I have a secret.
I know, I know.
I ask too many questions.
Look, I'm a scientist. I live on questions. But wonders on chemical bond formations aren't the type of questions I'm talking about.
I'm talking about those questions, the questions that raise eyebrows and churn my stomach with fears of heresy. The questions like is God good? Is Christianity true? What's the point of life in light of eternity?
So can I tell you my secret?
I'm afraid my questions...will turn me into an atheist.
It's just, I like my faith. I want it to be true, so I don't want to be an atheist. (And maybe there's a tiny part of me still afraid of excommunication followed by an eternal barbecue...will you just stop, inner fundamentalism?).
But, yeah. I want to be a Christian.
I love the idea of God as Creator. God as Storyteller. A God Who believes in redemption and love and hope and good. A God who is so deeply intimate and personal He came to Earth to become one of us, a God who sees value in every. last. person.
I want the chance to love everyone who ever existed (well, nearly everyone. I'm not perfect, so I freely admit I'd be icky about, say, Hitler and Nero and Genghis Khan - sorry).
I want the chance to know that subverting oppression is not in vain.
I want to see that everyone is special (as much as I love The Incredibles, the phrase "when everyone is special...nobody is" is nonsense. If everyone is special, everyone is special).
I want redemption. Forever. I don't want this to be it.
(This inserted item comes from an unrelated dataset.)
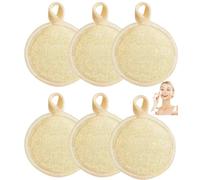 haikuluo Esponja exfoliante facial de lufa natural, esponja de lufa para baño y ducha para mujeres y hombres, fabricado con esponja de lufa de ducha biodegradable, para la cara que te limpia (6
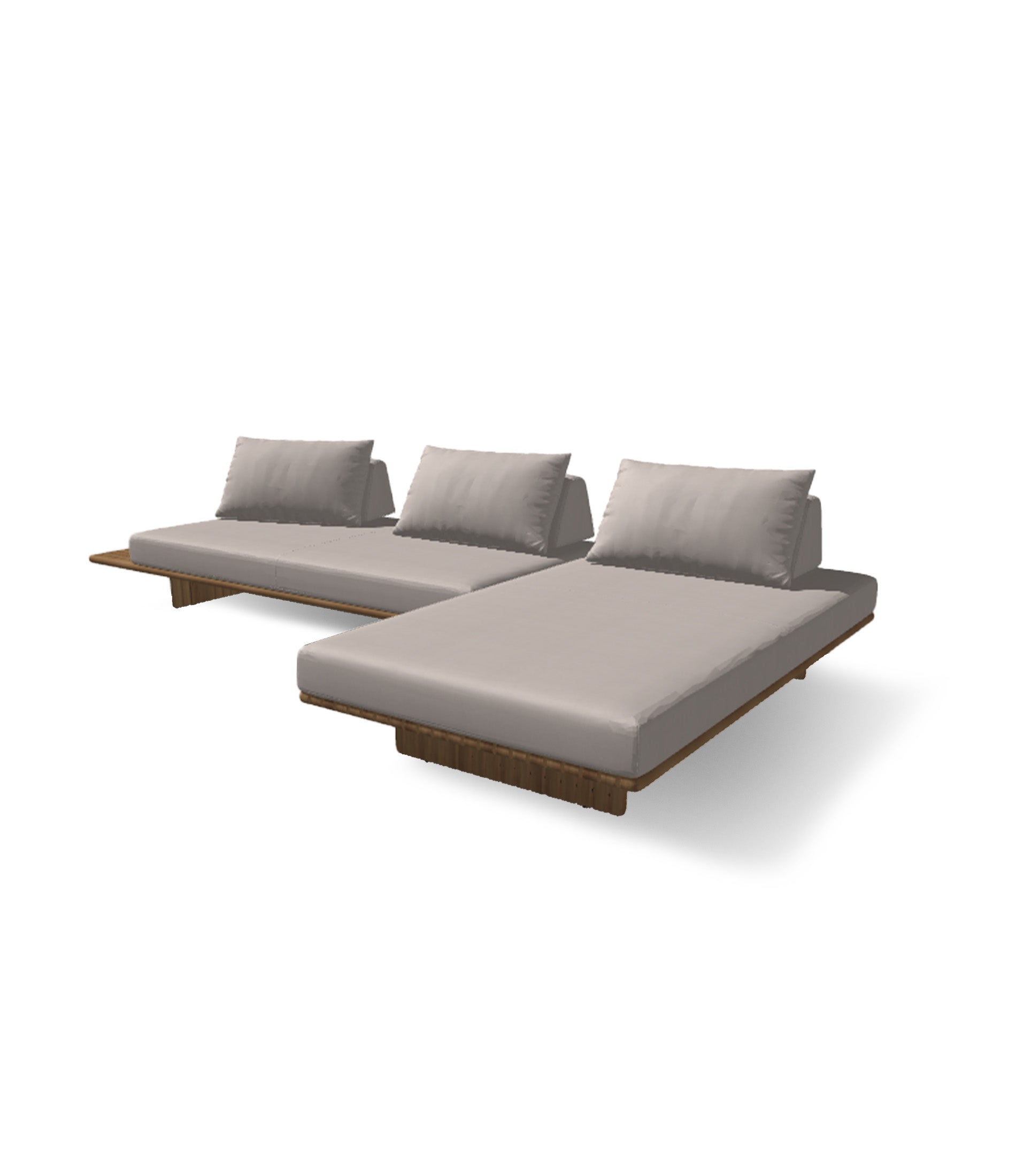 Deck 2 Piece Sectional L Shape Configuration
- Not for the victims of the Crusades and the Holocaust and the IS and North Korea
- Not for the privileged but suicidal transgender American teenager
- Not the inner city kid enticed into a gang, shot dead before he even reached two decades
- Nor the bitter old man who's all, all alone
- Not even the bigoted, venomous people who don't understand good.
I want love to win, to really win, and I want God to be Love (Thanks, 1 John).
Y'all are too wonderful and I hope and pray we actually have a God who is up there and Who is good.
I know, I need rational reasons for belief. I have them, but I won't pretend they're hard proof.
This post isn't a defense of my beliefs. It's not even a complete explanation.
It's something I just wanted to say.
I feel (gasp!) that many of us Christians are so caught up in defending their faith, we make it sound like eternal blackmail. A no-way-out situation. You have to believe or suffer eternal sadism, so you'd best do it.
Desire isn't really mentioned. Maybe we realize we've been bad people and desire forgiveness, but we don't generally hear about people wanting to be a Christian because it's good.
What if we admitted that the "good news" isn't behavior modification or get-blessed-quick schemes? What if we admitted that the good news is, well, goodness? Redemption, forgiveness, salvation, justice and grace and mercy, humility and listening, freedom from oppressors, they're all part of this good.
Plus, I have this smidgen of an feeling that all good reflects God Our Author (to bring this full circle: hence my many questions. I'm looking at you, genocidal Book of Joshua).
So if you ask me why I'm a Christian? Yeah, I'll be honest: a large part of it is because that's who I want to be.
Why do you believe why you believe (or don't believe), and do you like it?